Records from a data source
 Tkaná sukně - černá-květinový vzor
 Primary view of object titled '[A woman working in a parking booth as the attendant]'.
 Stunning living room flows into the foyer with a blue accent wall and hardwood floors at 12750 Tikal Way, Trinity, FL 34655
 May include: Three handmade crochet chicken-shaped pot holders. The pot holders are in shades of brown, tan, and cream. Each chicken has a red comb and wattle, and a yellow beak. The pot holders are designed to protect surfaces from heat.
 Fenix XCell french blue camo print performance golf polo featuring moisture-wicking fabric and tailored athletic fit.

* * *

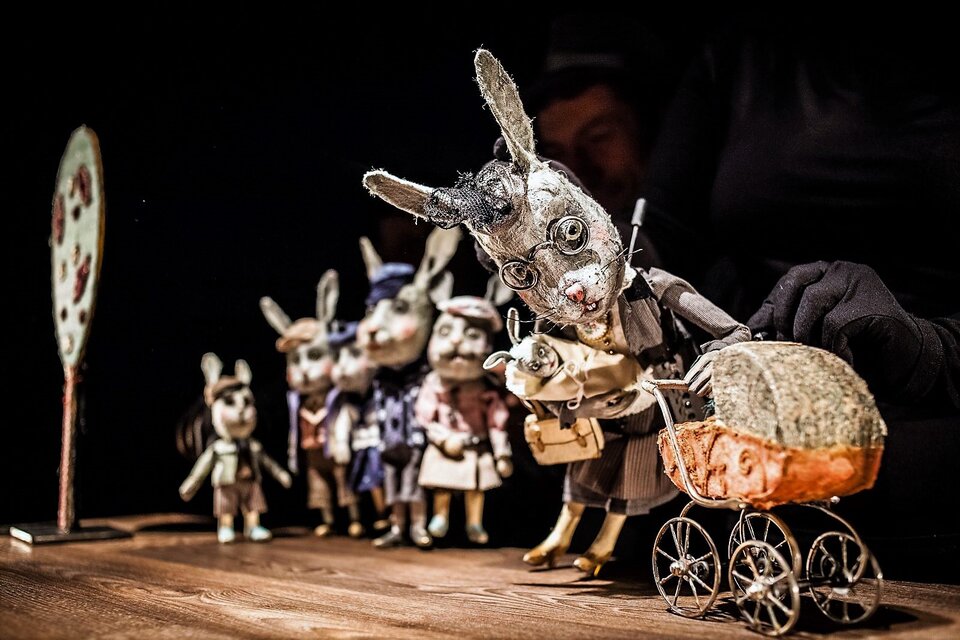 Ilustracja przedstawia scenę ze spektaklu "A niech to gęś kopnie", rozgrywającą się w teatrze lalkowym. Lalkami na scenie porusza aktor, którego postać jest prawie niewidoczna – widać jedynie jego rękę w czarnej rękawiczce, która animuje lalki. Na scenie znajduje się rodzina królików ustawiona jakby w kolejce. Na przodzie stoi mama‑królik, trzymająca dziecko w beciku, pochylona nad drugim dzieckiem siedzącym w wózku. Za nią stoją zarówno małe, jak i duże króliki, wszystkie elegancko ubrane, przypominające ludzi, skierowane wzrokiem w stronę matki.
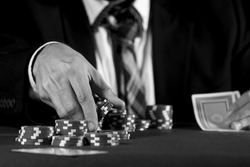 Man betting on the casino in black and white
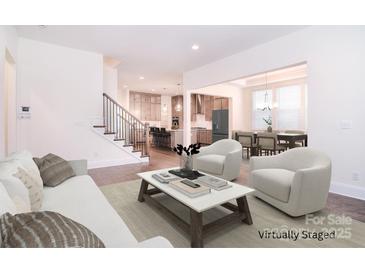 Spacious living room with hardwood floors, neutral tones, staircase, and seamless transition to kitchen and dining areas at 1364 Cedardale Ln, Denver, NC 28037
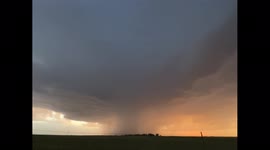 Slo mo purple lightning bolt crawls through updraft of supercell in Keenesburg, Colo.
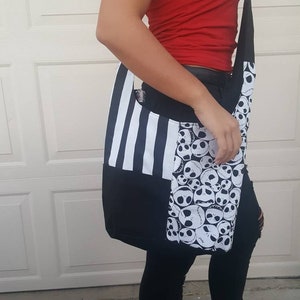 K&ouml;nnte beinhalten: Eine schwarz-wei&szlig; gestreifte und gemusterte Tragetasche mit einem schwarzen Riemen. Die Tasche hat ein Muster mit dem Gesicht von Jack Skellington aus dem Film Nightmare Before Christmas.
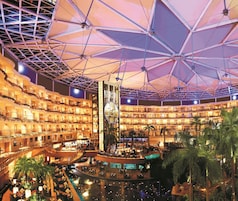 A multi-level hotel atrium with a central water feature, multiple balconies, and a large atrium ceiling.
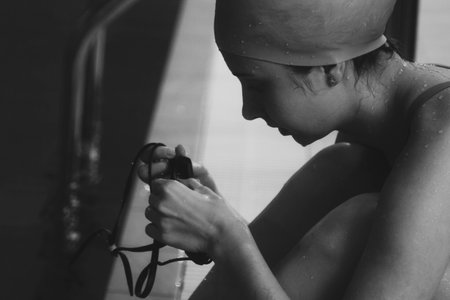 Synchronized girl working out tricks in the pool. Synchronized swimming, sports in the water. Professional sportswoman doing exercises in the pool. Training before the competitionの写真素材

▸ Required action:
Working from the entries above, please transcribe only the lines from the line with "Slo mo purple" through the line with "Synchronized girl working", exactly, with both end lines and without pictures.

▸ Exercise solution:
 Slo mo purple lightning bolt crawls through updraft of supercell in Keenesburg, Colo.
 K&ouml;nnte beinhalten: Eine schwarz-wei&szlig; gestreifte und gemusterte Tragetasche mit einem schwarzen Riemen. Die Tasche hat ein Muster mit dem Gesicht von Jack Skellington aus dem Film Nightmare Before Christmas.
 A multi-level hotel atrium with a central water feature, multiple balconies, and a large atrium ceiling.
 Synchronized girl working out tricks in the pool. Synchronized swimming, sports in the water. Professional sportswoman doing exercises in the pool. Training before the competitionの写真素材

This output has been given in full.